ABOUT THIS TASK. Print the whole listing again exactly as it stands, leaving out any images.

SUPPLIED DATA.
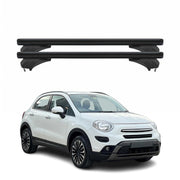 Menabo Dachträger Grundtäger für Fiat 500 X 2015-2024 Aluminium Schwarz 2 tlg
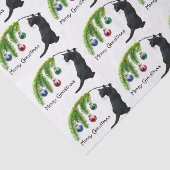 Black Cat Swag Weihnachtszettel Seidenpapier (Ausschnitt)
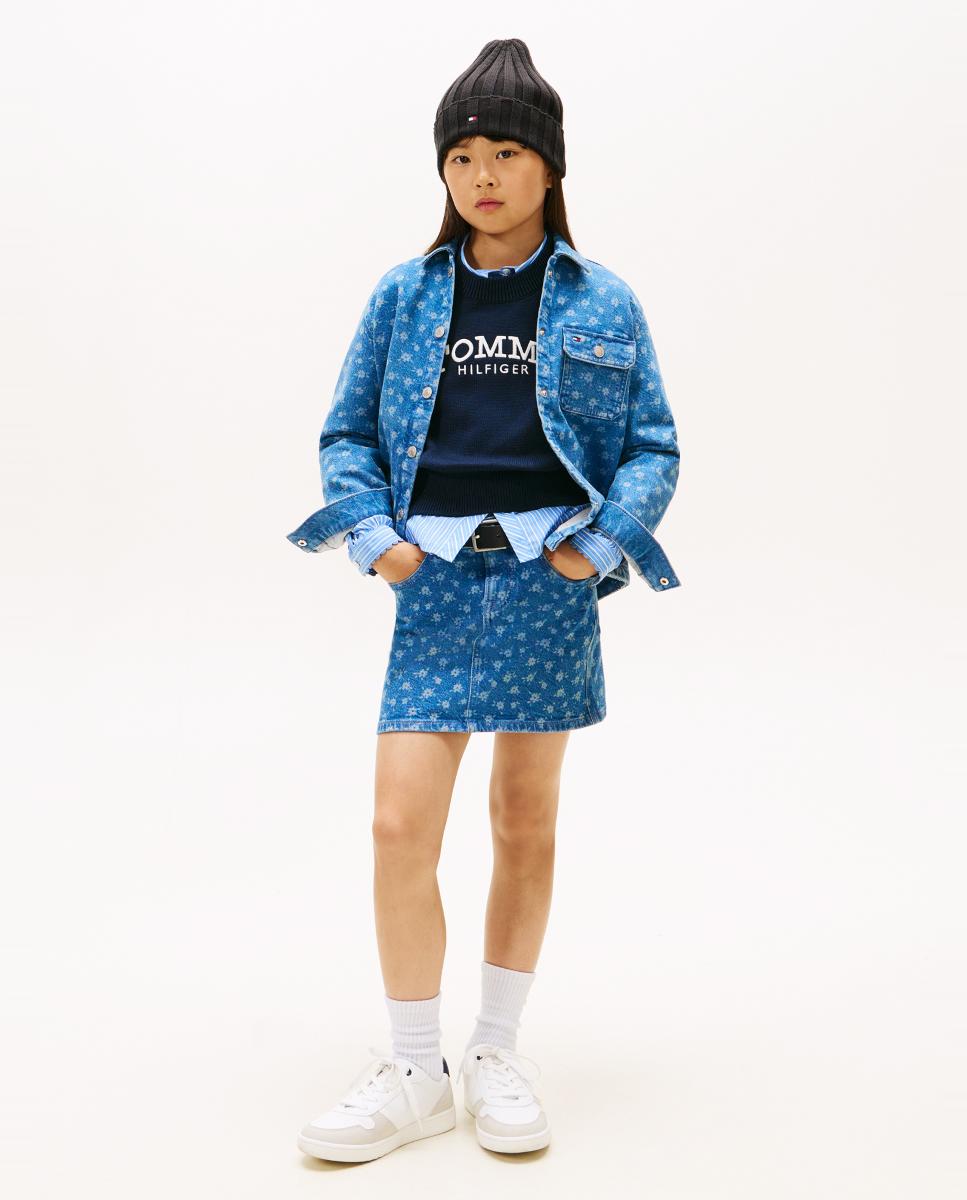 Imagem 0 de Saia de Ganga com Estampado Floral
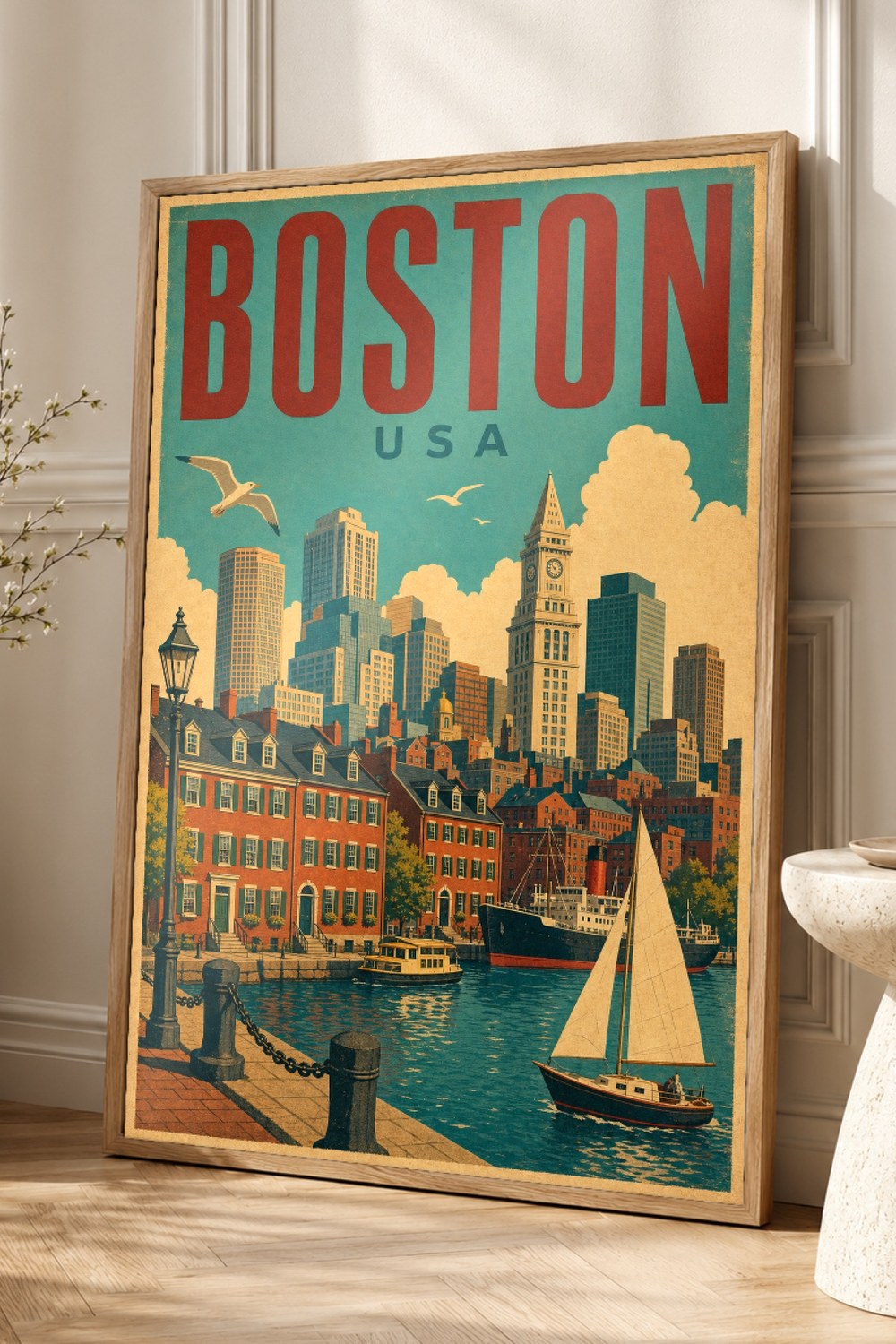 Boston Travel Poster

FINISHED TASK.
 Menabo Dachträger Grundtäger für Fiat 500 X 2015-2024 Aluminium Schwarz 2 tlg
 Black Cat Swag Weihnachtszettel Seidenpapier (Ausschnitt)
 Imagem 0 de Saia de Ganga com Estampado Floral
 Boston Travel Poster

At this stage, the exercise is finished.